8 Configuration
- Minimum cutoff minor allele frequency used to filter (‘–maf’ option in plink) Default to maf_min = 0.005 -Minimum Hardy-Weinberg equilibrium exact test p-value threshold (‘–hwe’ option in plink) hwe_min = 0.00001 -Value for the ‘–indep-pairwise’ argument to plink indep_pairwise = “50 5 0.2”
8.1 Specifying Options for your Cluster
In many cases, a user has access to a computing cluster which they intend to run PopTop on. If your cluster is SLURM or SGE-based, the pipeline is pre-configured with options you may be used to specifying (such as disk usage, time for a job to run, etc). However, these are straightforward to modify, should there be a need/desire. Common settings are described in detail below; however, a more comprehensive list of settings from nextflow can be found here.
8.1.1 Time
The maximum allowed run time for a process, or step in the pipeline, can be specified.

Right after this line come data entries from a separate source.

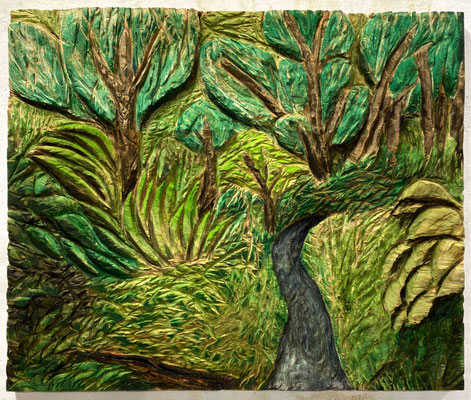 "Urwald", 2024,  98 x 81,5 x 4 cm
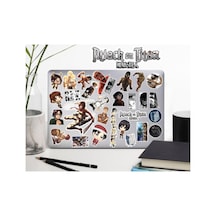 Attack On Titan Seri 2 Sticker Telefon Laptop Notebook Tablet Defter Matara Stiker Etiket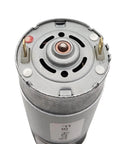 Top Tier High Torque DC Planetary Gear Motor Runs Smooth On 12V Or 24V Perfect For Robotics And Automation With Long Lifespan And Low Speed Control, showing wiring and bearing detail.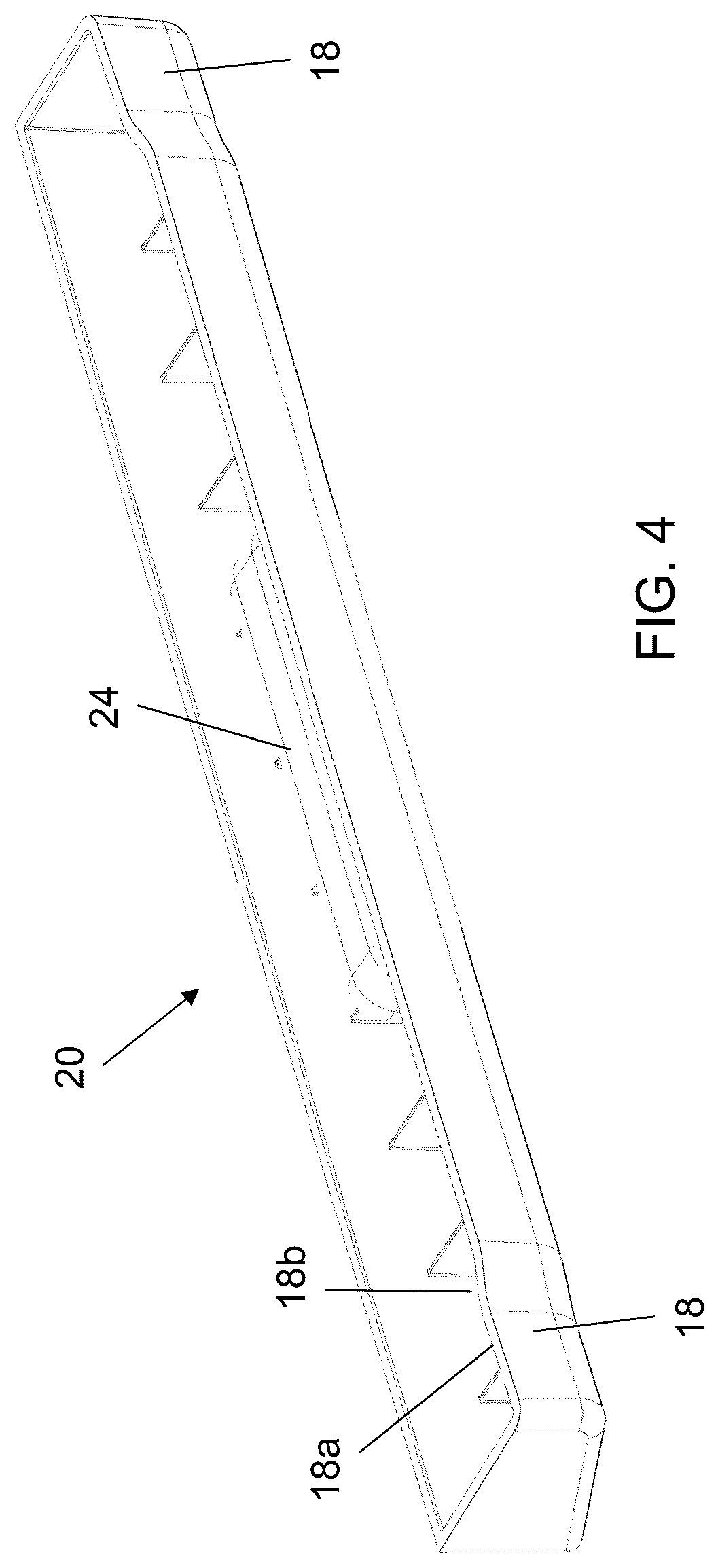 Patent US12304286 Figure 4 – Removable vehicular window panel with integrated latching element and carrying handle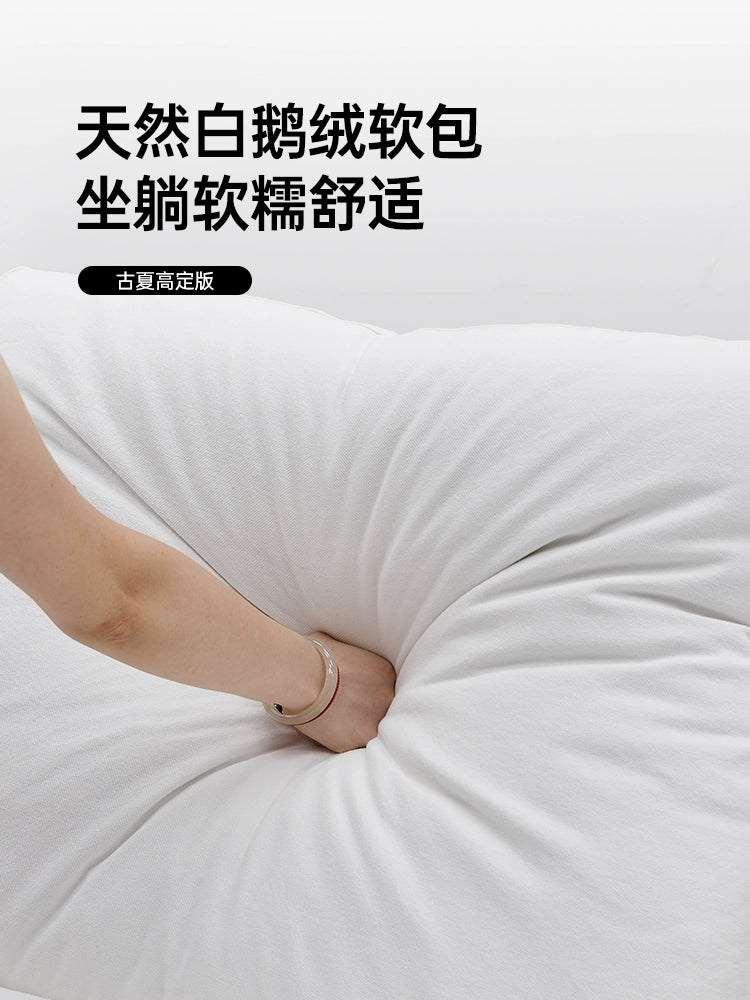 Cream Wind Cloud Electric Function Cloud Sofa Designer Zero Against The Wall Adjustable Straight Row Module Fabric Sofa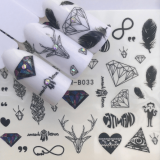 Pegatinas para manicura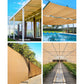 70%UV Sun Shade Cloth Shade Cloth Sail Roll Mesh Outdoor 1.83x50m Beige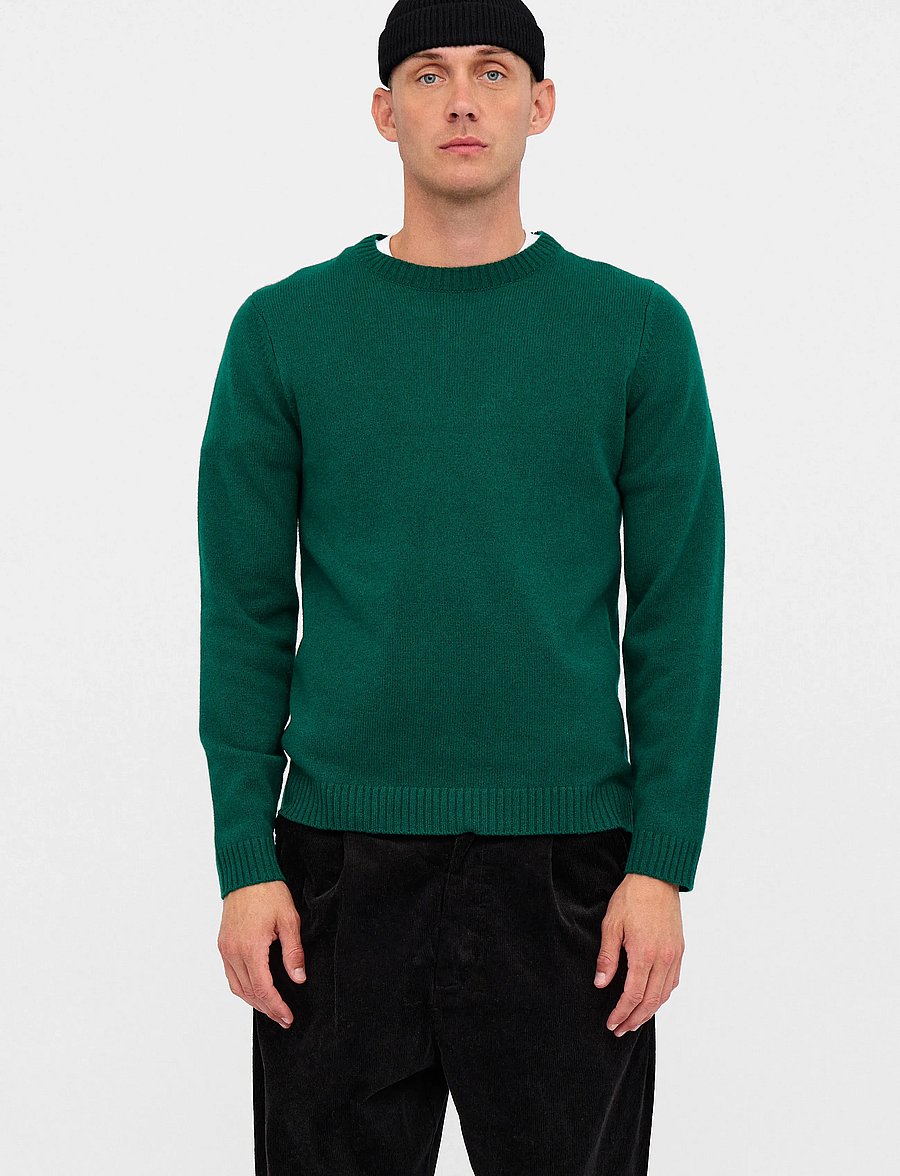 Anerkjendt - AKPETER MERINO WOOL KNIT - round necks - hunter green - 2
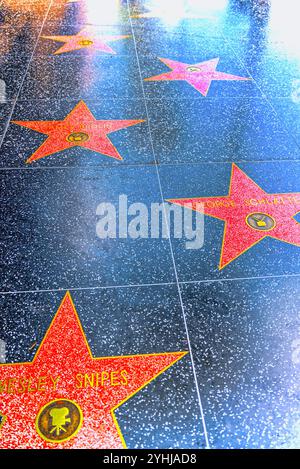 Los Angelos, Kalifornien, USA - 05. September 2018: Hollywood Walk of Fame in Hollywood Boulevard. Wesley Snipes. Stockfoto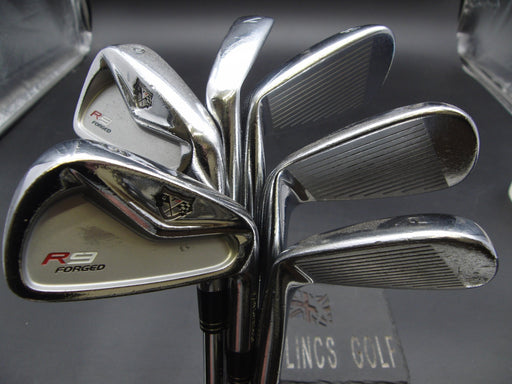 Set of 6x TaylorMade TP R9 Forged Irons 5-PW Stiff Steel Shafts Mixed Grips*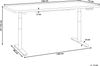 Höhenverstellbarer Schreibtisch Elektrisch 160x72 cm Verschiedene Grössen Bild 3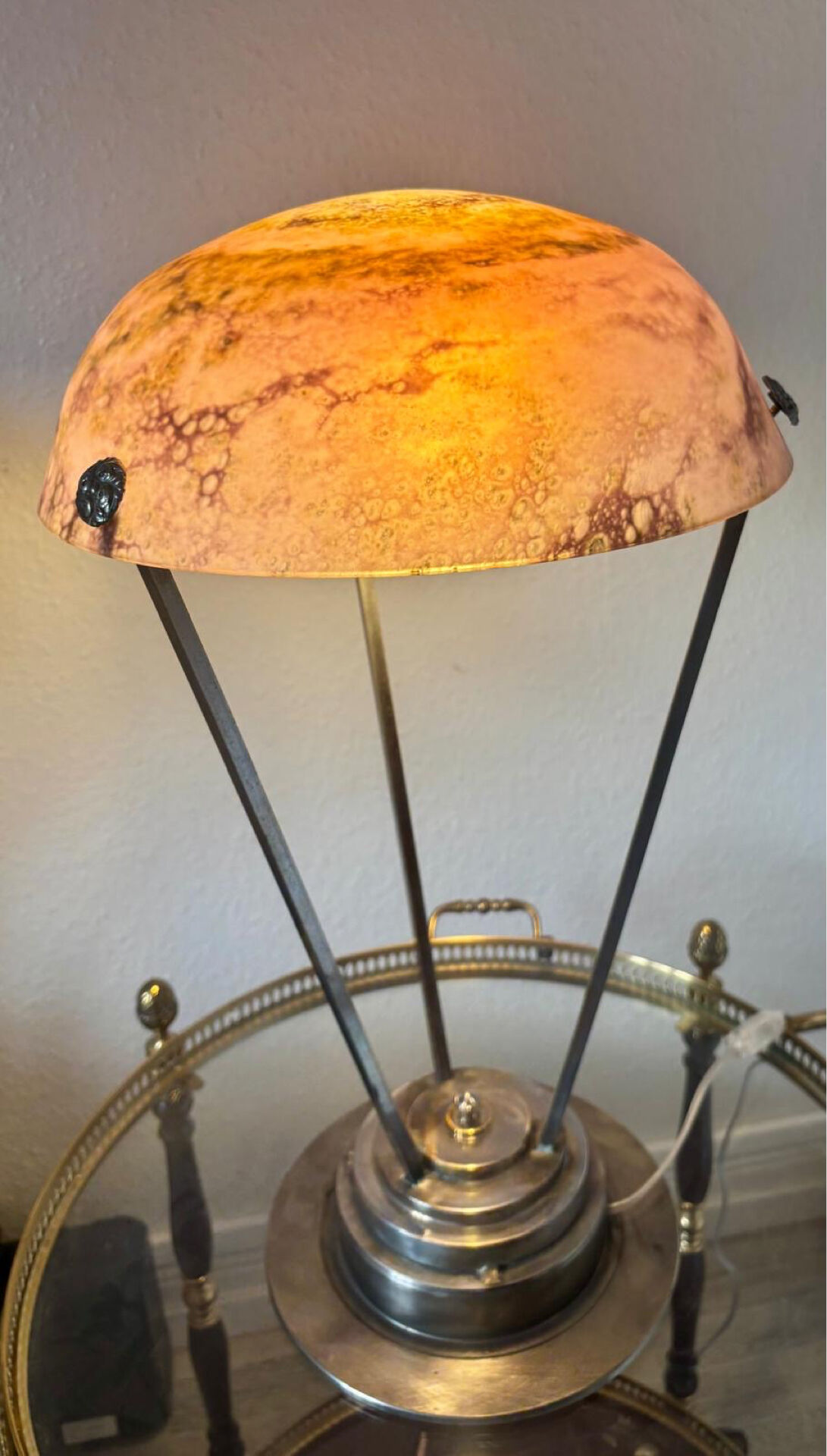 Large art deco mushroom lamp 1930 - jean noverdy - 60cm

This may be necessary for users who are charged based on run time for their jobs. 8.1.1.1 Default for all processes The simplest change you may wish to make is to relax time constraints for all processes. The setting for this is here:
executor {
name = 'sge'
queueSize = 40
submitRateLimit = '1 sec'
exitReadTimeout = '30 min'
}
process {
time = 10.hour // this can be adjusted as needed
errorStrategy = { task.exitStatus == 140 ? 'retry' : 'terminate' }
maxRetries = 1
While the syntax is not strict, some examples for properly specifying the option are time = ‘5m’, time = ‘2h’, and time = ‘1d’ (minutes, hours, and days, respectively).
8.1.1.1 Specify per-process
Time restrictions may also be specified for individual workflow steps. This can be done with the same syntax- suppose you wish to request 30 minutes for a given sample to be trimmed (note process names here). In the “process” section of your config, find the section labelled “withName: flipit” as in the example here:
withName: flipit {
cpus = 4
memory = 16.GB
time = '30m'
}
8.1.2 Cluster-specific options
In some cases, you may find it simpler to directly specify options accepted by your cluster. For example, SGE users with a default limit on the maximum file size they may write might specify the following:
withName: flipit {
cpus = 4
memory = '20.GB'
clusterOptions = '-l h_fsize=500G' // This is SGE-specific syntax
}
As with the time option, this can be specified per-process or for all processes. Any option recognized by your cluster may be used.